• Brief
Find the string "Yoga" in the entries and copy each line that has it.

━━━━━ The data ━━━━━

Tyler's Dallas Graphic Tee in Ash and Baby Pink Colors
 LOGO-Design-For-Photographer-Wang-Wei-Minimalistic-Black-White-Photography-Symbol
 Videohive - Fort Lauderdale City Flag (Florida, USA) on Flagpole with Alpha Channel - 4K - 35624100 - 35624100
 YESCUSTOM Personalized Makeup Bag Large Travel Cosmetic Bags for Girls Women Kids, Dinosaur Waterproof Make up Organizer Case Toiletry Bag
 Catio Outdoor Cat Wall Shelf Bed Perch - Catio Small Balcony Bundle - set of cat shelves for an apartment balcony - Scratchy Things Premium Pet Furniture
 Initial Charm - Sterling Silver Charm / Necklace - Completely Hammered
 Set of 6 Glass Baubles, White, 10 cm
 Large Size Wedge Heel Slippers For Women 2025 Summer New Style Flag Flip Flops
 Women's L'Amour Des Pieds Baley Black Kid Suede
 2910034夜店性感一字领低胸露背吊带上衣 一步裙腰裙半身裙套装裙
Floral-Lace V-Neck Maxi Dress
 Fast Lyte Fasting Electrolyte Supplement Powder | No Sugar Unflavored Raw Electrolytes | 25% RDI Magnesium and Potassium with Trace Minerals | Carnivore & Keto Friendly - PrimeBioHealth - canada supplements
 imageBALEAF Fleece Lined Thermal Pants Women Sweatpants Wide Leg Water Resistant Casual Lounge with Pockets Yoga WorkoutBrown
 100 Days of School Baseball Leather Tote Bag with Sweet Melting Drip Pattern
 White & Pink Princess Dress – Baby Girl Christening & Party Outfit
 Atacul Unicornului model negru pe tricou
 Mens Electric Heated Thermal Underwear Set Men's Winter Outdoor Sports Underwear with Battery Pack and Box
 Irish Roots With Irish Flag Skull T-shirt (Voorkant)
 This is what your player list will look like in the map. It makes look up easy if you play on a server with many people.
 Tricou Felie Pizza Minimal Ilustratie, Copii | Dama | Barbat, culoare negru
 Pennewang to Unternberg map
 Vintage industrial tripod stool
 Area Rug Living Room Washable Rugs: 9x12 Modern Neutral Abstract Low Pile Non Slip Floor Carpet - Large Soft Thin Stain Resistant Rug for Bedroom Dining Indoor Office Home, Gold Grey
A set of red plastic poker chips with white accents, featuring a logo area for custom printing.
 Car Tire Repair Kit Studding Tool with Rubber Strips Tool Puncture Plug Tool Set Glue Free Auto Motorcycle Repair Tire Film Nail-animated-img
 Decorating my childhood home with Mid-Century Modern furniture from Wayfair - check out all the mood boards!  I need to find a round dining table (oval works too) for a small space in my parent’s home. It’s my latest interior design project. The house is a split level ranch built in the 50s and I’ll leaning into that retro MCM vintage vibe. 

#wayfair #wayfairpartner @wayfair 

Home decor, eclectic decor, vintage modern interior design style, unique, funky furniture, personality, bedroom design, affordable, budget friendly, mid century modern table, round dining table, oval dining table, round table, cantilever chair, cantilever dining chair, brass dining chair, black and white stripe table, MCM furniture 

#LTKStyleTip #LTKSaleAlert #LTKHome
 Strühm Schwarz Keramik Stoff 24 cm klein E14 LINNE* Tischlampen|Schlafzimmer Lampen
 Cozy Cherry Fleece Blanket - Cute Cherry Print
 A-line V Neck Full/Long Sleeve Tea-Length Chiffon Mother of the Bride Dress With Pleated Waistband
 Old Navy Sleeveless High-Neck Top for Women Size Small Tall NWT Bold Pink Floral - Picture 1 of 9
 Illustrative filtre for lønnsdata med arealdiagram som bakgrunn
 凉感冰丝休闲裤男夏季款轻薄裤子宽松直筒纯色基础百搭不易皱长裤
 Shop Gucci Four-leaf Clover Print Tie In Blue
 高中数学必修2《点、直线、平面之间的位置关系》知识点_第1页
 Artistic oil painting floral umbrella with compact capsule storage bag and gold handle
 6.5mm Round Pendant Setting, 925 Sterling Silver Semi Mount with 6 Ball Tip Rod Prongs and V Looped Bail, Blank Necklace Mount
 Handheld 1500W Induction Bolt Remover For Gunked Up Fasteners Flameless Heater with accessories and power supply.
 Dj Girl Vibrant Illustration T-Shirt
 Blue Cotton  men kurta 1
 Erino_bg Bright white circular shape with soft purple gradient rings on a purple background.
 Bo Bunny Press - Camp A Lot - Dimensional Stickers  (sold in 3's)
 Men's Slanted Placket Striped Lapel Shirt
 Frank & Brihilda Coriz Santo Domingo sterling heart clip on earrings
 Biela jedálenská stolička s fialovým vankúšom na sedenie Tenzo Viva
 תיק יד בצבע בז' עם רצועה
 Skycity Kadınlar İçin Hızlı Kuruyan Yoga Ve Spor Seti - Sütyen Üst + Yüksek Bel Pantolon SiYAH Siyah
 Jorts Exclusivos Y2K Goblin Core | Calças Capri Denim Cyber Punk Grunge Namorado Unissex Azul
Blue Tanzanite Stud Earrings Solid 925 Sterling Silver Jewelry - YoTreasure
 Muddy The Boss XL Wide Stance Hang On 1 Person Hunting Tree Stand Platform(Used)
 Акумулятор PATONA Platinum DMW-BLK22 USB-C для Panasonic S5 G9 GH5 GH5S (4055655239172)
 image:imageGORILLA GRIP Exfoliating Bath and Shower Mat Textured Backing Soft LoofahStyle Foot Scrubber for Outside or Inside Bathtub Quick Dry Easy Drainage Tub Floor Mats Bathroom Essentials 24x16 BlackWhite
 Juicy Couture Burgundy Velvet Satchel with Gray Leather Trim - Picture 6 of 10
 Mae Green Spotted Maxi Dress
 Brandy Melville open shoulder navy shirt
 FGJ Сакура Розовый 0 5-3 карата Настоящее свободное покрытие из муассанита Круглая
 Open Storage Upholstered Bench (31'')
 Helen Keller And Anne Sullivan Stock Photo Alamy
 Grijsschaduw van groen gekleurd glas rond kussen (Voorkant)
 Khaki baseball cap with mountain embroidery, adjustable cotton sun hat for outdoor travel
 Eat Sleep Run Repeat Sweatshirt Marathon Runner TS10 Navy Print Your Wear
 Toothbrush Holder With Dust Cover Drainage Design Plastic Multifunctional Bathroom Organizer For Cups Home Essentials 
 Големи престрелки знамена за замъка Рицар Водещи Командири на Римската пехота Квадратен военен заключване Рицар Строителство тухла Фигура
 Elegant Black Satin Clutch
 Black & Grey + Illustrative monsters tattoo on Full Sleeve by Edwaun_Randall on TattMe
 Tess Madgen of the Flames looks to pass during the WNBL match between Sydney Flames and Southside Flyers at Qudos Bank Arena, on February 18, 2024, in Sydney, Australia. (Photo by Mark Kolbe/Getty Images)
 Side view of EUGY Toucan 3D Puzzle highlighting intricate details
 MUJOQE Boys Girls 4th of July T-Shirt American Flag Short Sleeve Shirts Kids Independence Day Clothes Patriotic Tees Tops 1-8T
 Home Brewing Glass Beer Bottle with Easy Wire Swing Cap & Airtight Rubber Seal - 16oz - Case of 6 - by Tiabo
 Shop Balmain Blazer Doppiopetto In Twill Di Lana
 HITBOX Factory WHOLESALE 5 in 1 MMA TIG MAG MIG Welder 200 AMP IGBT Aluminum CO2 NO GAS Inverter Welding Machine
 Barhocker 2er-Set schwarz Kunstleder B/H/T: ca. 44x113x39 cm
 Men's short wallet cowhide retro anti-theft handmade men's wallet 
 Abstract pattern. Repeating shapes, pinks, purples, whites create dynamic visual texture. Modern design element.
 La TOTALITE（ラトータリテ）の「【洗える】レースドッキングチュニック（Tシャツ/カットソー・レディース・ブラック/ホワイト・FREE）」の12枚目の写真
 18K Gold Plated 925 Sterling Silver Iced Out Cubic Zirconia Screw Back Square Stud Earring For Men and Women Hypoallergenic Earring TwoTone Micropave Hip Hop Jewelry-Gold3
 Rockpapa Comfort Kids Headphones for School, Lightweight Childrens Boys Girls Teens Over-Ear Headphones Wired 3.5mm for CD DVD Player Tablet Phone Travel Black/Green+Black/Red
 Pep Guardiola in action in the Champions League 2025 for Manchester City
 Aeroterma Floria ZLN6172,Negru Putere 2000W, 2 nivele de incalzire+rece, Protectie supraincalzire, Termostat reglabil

━━━━━

• Solution to this problem
 imageBALEAF Fleece Lined Thermal Pants Women Sweatpants Wide Leg Water Resistant Casual Lounge with Pockets Yoga WorkoutBrown
 Skycity Kadınlar İçin Hızlı Kuruyan Yoga Ve Spor Seti - Sütyen Üst + Yüksek Bel Pantolon SiYAH Siyah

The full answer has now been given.